TASK ITEM:
Please write out all the data that follows exactly, without the pictures.

DATA FOR THE TASK:
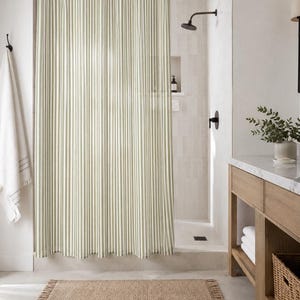 Cottagecore bathroom with natural sage green shower curtain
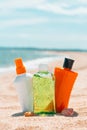 Bottles of sun protection lotion, aloe soothing gel from sun burn, seashells in sand on the beach with sparkling sea in Royalty Free Stock Photo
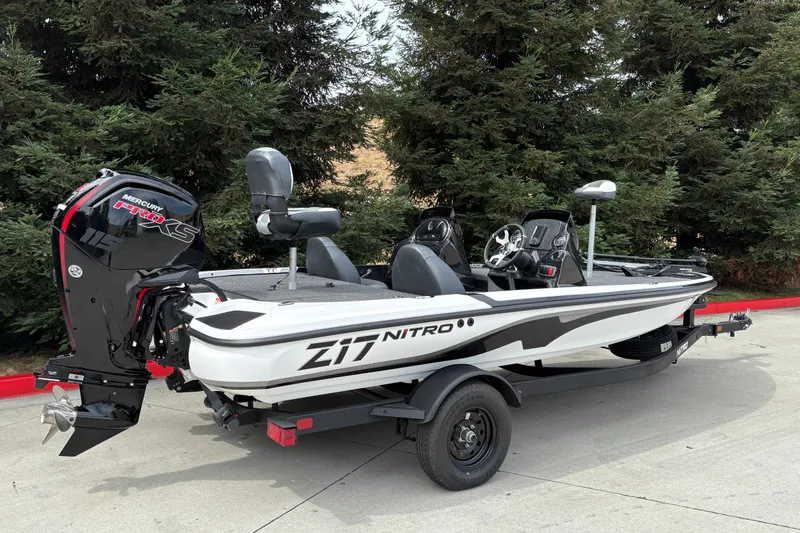 Slide: The Image of 2027 Nitro Z17 boat with Mercury Pro XS engine, parked on a trailer. - 4
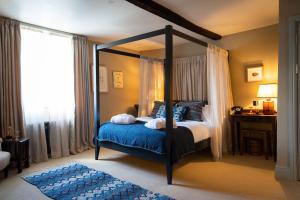 a bedroom with a canopy bed and a blue rug at Royal Oak Ramsden in Ramsden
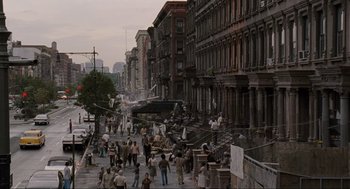 Movie still from “American Gangster” (2007), directed by Ridley Scott – A group of people walking down a sidewalk; Extreme Wide shot, High angle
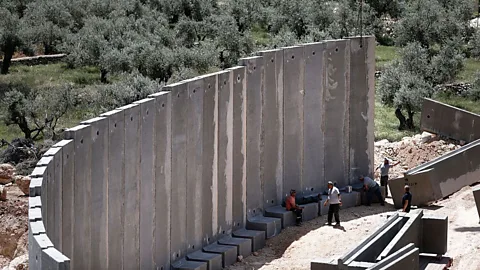 Thomas Coex/Getty Images Concrete builds, but it can also divide. A controversial barrier in the town of Beit Jala in the West Bank (Credit: Thomas Coex/Getty Images)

REPLY:
 Cottagecore bathroom with natural sage green shower curtain
 Bottles of sun protection lotion, aloe soothing gel from sun burn, seashells in sand on the beach with sparkling sea in Royalty Free Stock Photo
 Slide: The Image of 2027 Nitro Z17 boat with Mercury Pro XS engine, parked on a trailer. - 4
 a bedroom with a canopy bed and a blue rug at Royal Oak Ramsden in Ramsden
 Movie still from “American Gangster” (2007), directed by Ridley Scott – A group of people walking down a sidewalk; Extreme Wide shot, High angle
 Thomas Coex/Getty Images Concrete builds, but it can also divide. A controversial barrier in the town of Beit Jala in the West Bank (Credit: Thomas Coex/Getty Images)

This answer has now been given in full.